Any help would be appreciated, thanks.

 

[Simon Bridge]

120kN.m is a moment about A isn't it?
What is the reasoning that suggests that you need only consider the A-B length?
The pin connection at B does not stop rotation about B caused by the force distribution on B-E - just prevents translation of that point.

 

[Jonski]

So would the FBD look like this:

The question says consider the reactions at A and D to be rollers, so thus there is no horizontal force

 

[SteamKing]

So would the FBD look like this:
View attachment 98083
The question says consider the reactions at A and D to be rollers, so thus there is no horizontal force

The pin at point B can develop a force, but it cannot sustain a moment. That's what's missing from your FBD above.

 

[Jonski]

The pin at point B can develop a force, but it cannot sustain a moment. That's what's missing from your FBD above.

So would I add a vertical and horizontal force at point B and then use the equations of equilibrium to solve?

 

[SteamKing]

So would I add a vertical and horizontal force at point B and then use the equations of equilibrium to solve?

You can add a horizontal force at pin B, but it looks like all of the applied loads are vertical.

 

[Jonski]

You can add a horizontal force at pin B, but it looks like all of the applied loads are vertical.

So you're saying it is there, but it would just be zero. Also I'm assuming then that Ex would be 0?
If i do that won't I end up with more unknowns than equations, in which case it would be unsolvable.

 

[SteamKing]

So you're saying it is there, but it would just be zero. Also I'm assuming then that Ex would be 0?
If i do that won't I end up with more unknowns than equations, in which case it would be unsolvable.

That's unlikely, since there are only two supports for the entire beam.

BTW, the beam is only resting against the wall at E. It can't develop a moment at that location, only an axial force.

 

[Jonski]

That's unlikely, since there are only two supports for the entire beam.

BTW, the beam is only resting against the wall at E. It can't develop a moment at that location, only an axial force.

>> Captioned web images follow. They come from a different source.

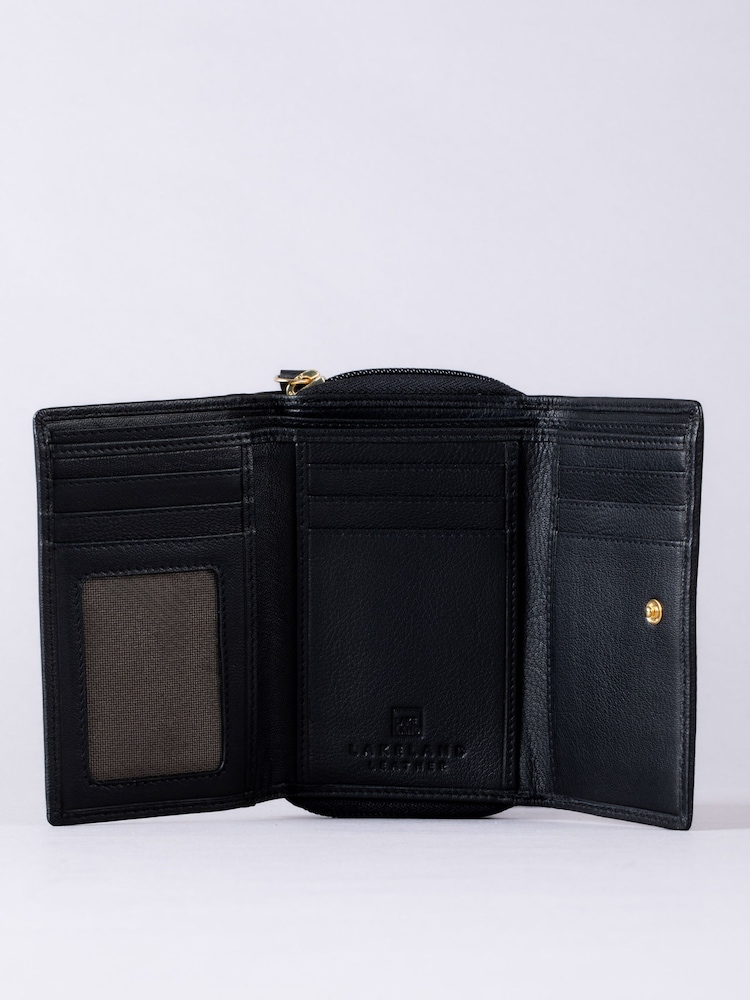 Lakeland Leather Black Medium Icon Stud Tab Purse - Image 3 of 5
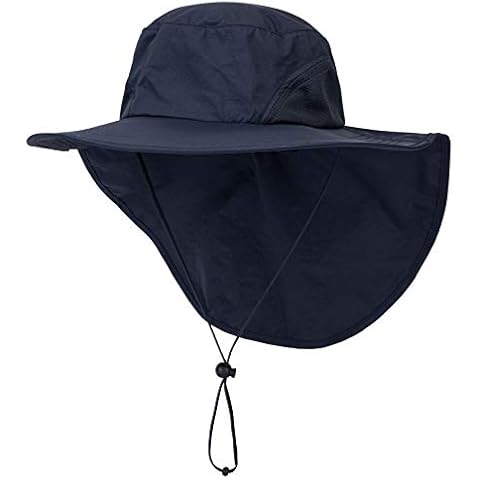 Decentron Mens Womens UV Protection Sun Hat Wide Brim Mesh Fishing Hats with Neck Cover Adjustable Navy Blue Cover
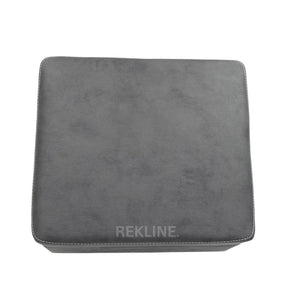 Large Grey Fabric Footstool | Storage Ottoman for Sofa | 49cm H x 66cm W x 56cm L - Square  | Florence by REKLINE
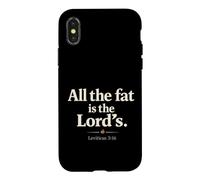 Carcasa para iPhone X/XS All The Fat is The Lord's Leviticus 3:16 Christian Humor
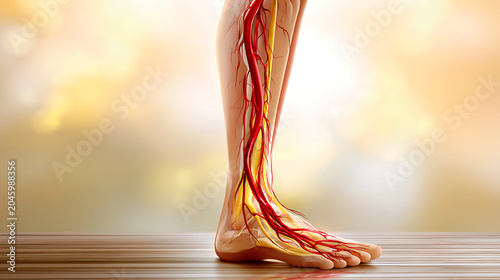 The illustration displays leg arteries showing the impact of peripheral arterial disease.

So would the FBD look more like this:

 

[SteamKing]

So would the FBD look more like this:

Yes, that's more like it.

 

[PhanthomJay]

In my estimation, I believe that the wording in this problem is not very good. When it says "resting against a wall", I think it implies "resting atop a wall", otherwise, with the hinge at B, the beam would be unstable.

The force from the pin at B is internal, so when drawing the FBD of the entire beam system, that reaction doesn't enter into the equilibrium equation. I would proceeded by isolating AB first, but you have to be careful with your plus and minus signs, and interpretation of them.